In een brief aan de Tweede Kamer schrijft de minister dat de huidige kroongetuigenregeling niet doeltreffend genoeg is. De huidige regeling is vooral interessant voor zware criminelen die een lange straf tegemoet kunnen zien. De beloning voor medewerking, een maximale strafvermindering van vijftig procent, levert voor hen netto het meeste op.
Volgens Yeşilgöz is echter ook een andere categorie kroongetuigen nodig om zware criminelen en hun organisaties beter te kunnen aanpakken. Ze laat daarbij het oog vallen op personen met een meer ondersteunende rol, zogeheten facilitators die sleutelfiguren helpen bij hun criminele activiteiten. Daarbij kan worden gedacht aan personen die vanuit een legale beroepspraktijk betrokken zijn bij criminele activiteiten. Dat kan bijvoorbeeld een boekhouder, notaris of havenmedewerker zijn. Dergelijke personen kunnen over cruciale informatie beschikken over de rol van kopstukken, de criminele activiteiten en de bijbehorende geldstromen, aldus de minister. Ook mensen die een kleinere rol innemen in een crimineel netwerk, zoals iemand die gespecialiseerd is in het stelen van auto’s of een insider in een netwerk van ondergrondse bankiers komen in aanmerking.
Commissie-Crijns
Yeşilgöz beroept zich op het rapport van de commissie-Crijns uit 2017, waarin de onderzoekers constateren dat Nederland minder vaak kroongetuigen inzet dan andere landen. Een aantal ‘juridische en praktische barrières’ zouden de inzet van een kroongetuige bemoeilijken. Een van die barrières betreft de beloning die de kroongetuige tegemoet kan zien voor zijn openheid van zaken. Halvering van de strafeis brengt onvoldoende rendement als de maximale straf niet meer dan enkele jaren celstraf beslaat. ‘Een onvoorwaardelijke gevangenisstraf van bijvoorbeeld zes jaar, die onder de huidige regeling wordt verminderd met ten hoogste de helft, betekent alsnog een gevangenisstraf van drie jaar. Dit vooruitzicht weegt voor de potentiële kroongetuige meestal niet op tegen de consequenties van het afleggen van een verklaring’, aldus de minister. Met het afleggen van een verklaring worden ze immers doelwit voor represailles en moeten ze vaak een nieuw leven beginnen in het buitenland.
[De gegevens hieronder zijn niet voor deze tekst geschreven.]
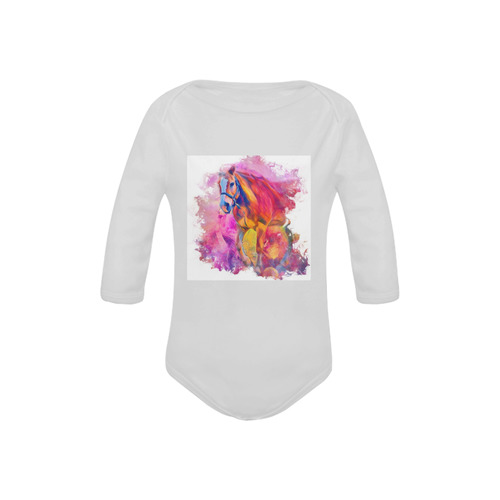 Painterly Animal - Horse by JamColors Baby Powder Organic Long Sleeve One Piece (Model T27)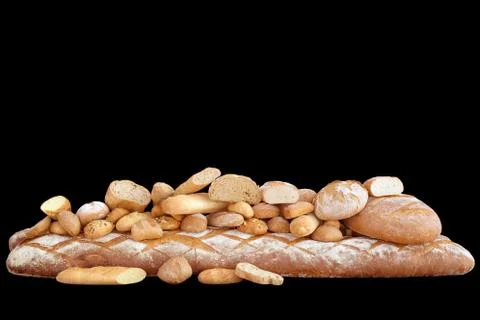 Large variety of different breads Stock Photos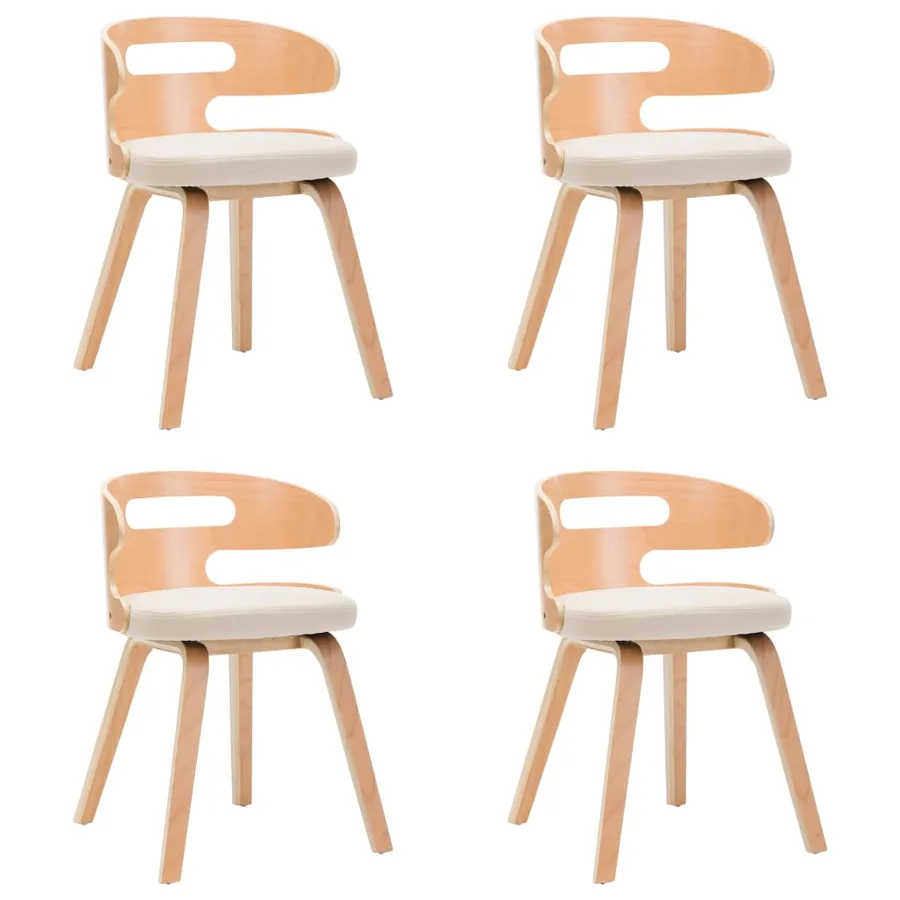 Chaises à manger lot de 4 crème bois courbé et similicuir - 2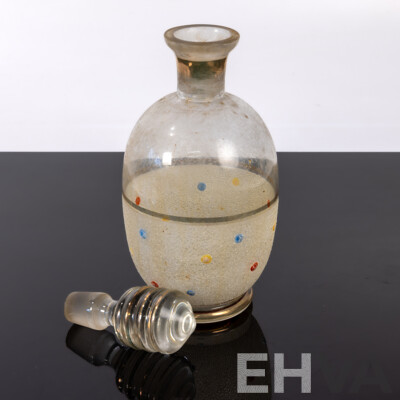 Vintage Art Deco Decanter with Stopper and Set Five Glasses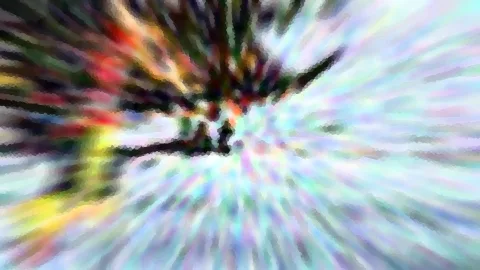 Abstrakte Komposition mit radialer Unschärfe in Pastell- und Regenbogenfarben, dunkle Äste vor hellem Hintergrund, von der Mitte nach außen strahlend.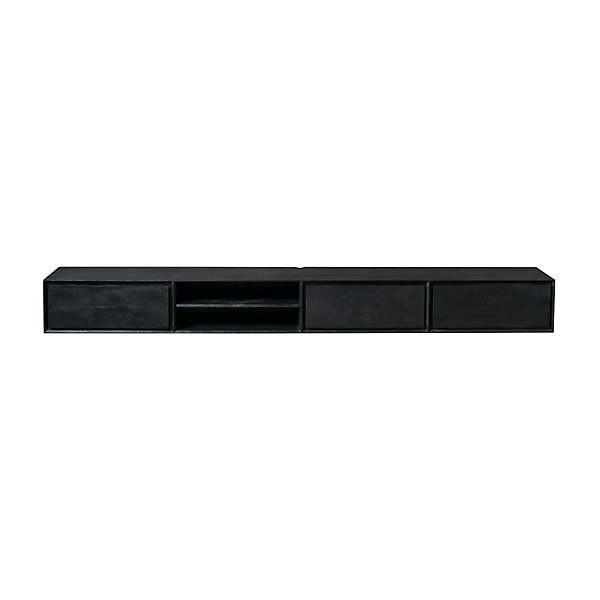 Long meuble TV suspendu bois noir 3 tiroirs 1 niche 280 cm AERA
Om potentiële kroongetuigen over de streep te trekken wil Yesilgöz de strafkorting verhogen tot de totale duur van de onvoorwaardelijke gevangenisstraf. Alleen verdachten met een straf van maximaal zes jaar boven het hoofd komen daarvoor in aanmerking. Daarnaast moeten ze bij wijze van stok achter de deur wel worden veroordeeld tot een voorwaardelijke gevangenisstraf met een lange proeftijd.
Verdienmodel
Volgens de minister biedt de verruiming van de kroongetuigenregeling de mogelijkheid om grootschalige witwasconstructies, fraude en andere ernstige financieel-economische criminaliteit in beeld te brengen. ‘Hiermee kan het verdienmodel van de georganiseerde criminaliteit beter worden verstoord en kan er in voorkomende zaken meer inzicht worden gegenereerd in geldstromen, financiële constructies en de daarbij horende netwerken. Dit is een cruciaal element in de aanpak van georganiseerde criminaliteit.’
Om de geheimhouding te waarborgen wil Yesligoz verder dat een overeenkomst met een kroongetuige voortaan niet meer wordt toegevoegd aan het strafdossier. ‘De getuigenbeschermingsovereenkomst is een civielrechtelijke overeenkomst tussen het OM en de kroongetuige. Deze overeenkomst vormt geen onderdeel van de strafzaak en wordt niet getoetst door de strafrechter’, aldus de minister.